Юрист и историк права М.М. Ковалевский — С.М. Лукьянову по поводу встречи с Вл. Соловьевым в Лондоне в 1875 году
Иван Крамской, портрет философа Соловьева. Источник

Заграничное путешествие 1875-1876 гг. в биографии Владимира Соловьева быстро приобретает характер определяющего и мистического. Он привозит из этой поездки самое важное — принципы своей религиозно-философской системы. Первым наброском к ним становится ряд текстов, написанных в Сорренто и Каире на французском языке. Их принято объединять под названием «София». В основе соловьевской софиологии — встречи с Софией, являвшейся философу как минимум трижды. Этому мистическому переживанию посвящена поэма «Три свидания» с подзаголовком «Москва — Лондон — Египет / 1862 — 75 — 76». Первое, московское свидание, случилось у Соловьева на службе в храме, а два других приходятся как раз на даты заграничной поездки с тем лишь исключением, что вторую цифру, 76, Соловьев, скорее всего, «подогнал» под реальность. Обе встречи с Софией произошли в 1875 году. Первая — в Лондоне, на ней же была подсказана следующая точка — Египет.

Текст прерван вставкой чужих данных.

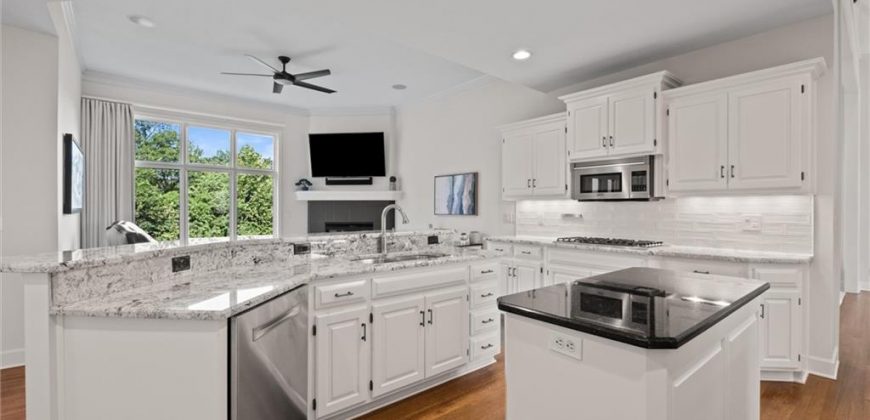 Homes for Sale in Parkville, MO 64152 | 8190  Shoreline Drive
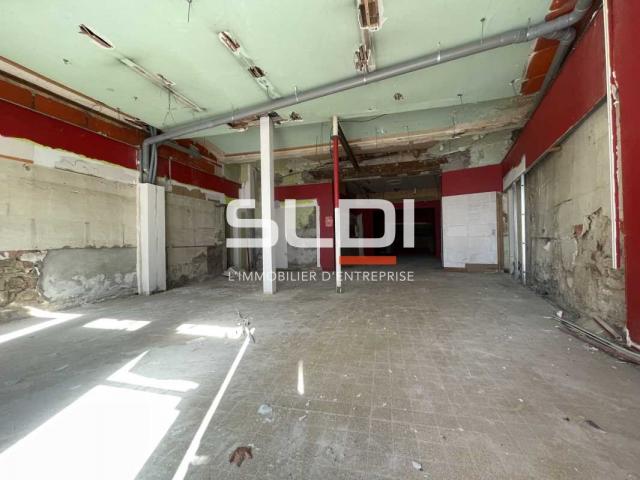 Commerces A VENDRE - SOUCIEU EN JARREST - 100 m²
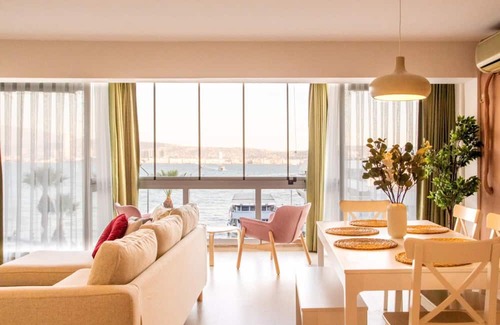 Karsiyaka Apartamento | Missafir Flat with Sea View near Karsiyaka Coast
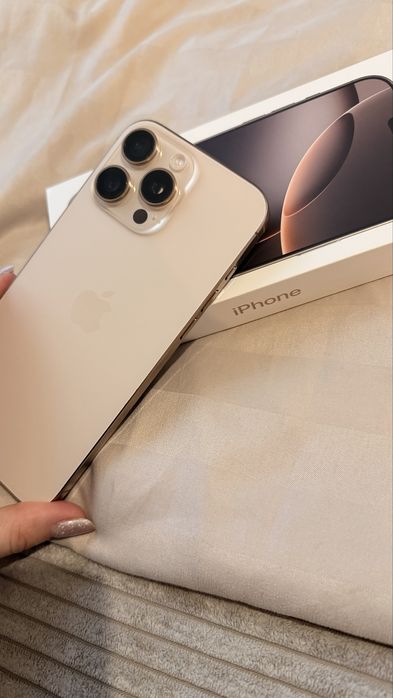 Iphone 16 PRO MAX varianta ESIM only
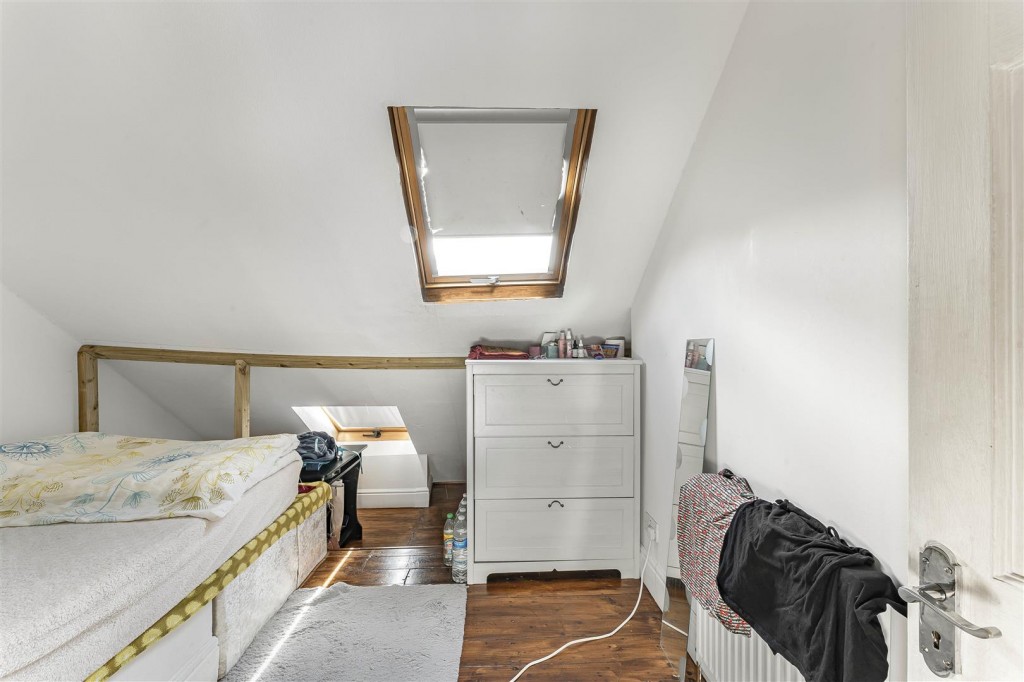 Woodside Park Avenue, Walthamstow, London, E17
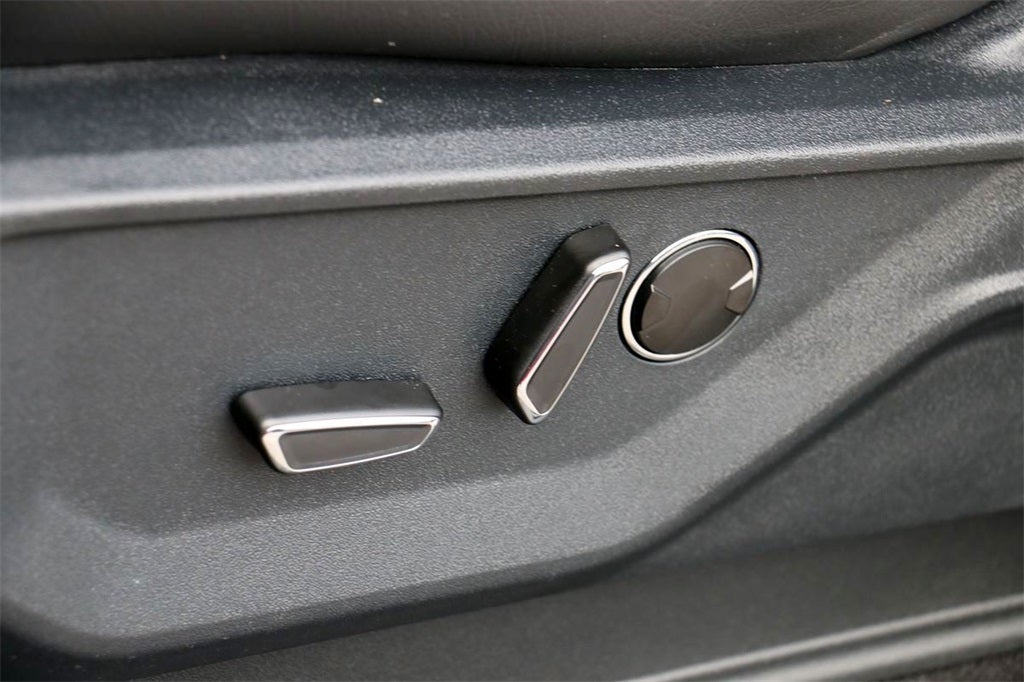 2025 Ford F-150 Lariat ROUSH RT6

В Египте Соловьев стремится посетить Фиваиду (бывшие египетские Фивы), место, обладающее особым мистическим значением для христиан. В письмах Соловьев скрывает не только причину своего внезапного желания оказаться в Египте, но и всё, что там случается. В конце ноября он пишет матери: «Путешествие мое в Фиваиду, о котором я писал в прошлом письме, оказалось невозможным. Отойдя верст 20 от Каира, я чуть не был убит бедуинами, которые ночью приняли меня за черта, должен был ночевать на голой земле… вследствие чего вернулся назад». В стихотворениях он, по привычке, более откровенен. Тот же ноябрь: «Вся в лазури сегодня явилась / Предо мною царица моя, / — Сердце сладким восторгом забилось, / И в лучах восходящего дня / Тихим светом душа засветилась, / А вдали, догорая, дымилось / Злое пламя земного огня». Именно в таком виде Соловьеву и являлась София — с лицом женщины, в космической небесной лазури. Впрочем, после этих потрясений ему предстояла другая встреча с женщиной — более спокойная, но и более печальная. В итальянском Сорренто Владимир Соловьев встречает Надежду Ауэр.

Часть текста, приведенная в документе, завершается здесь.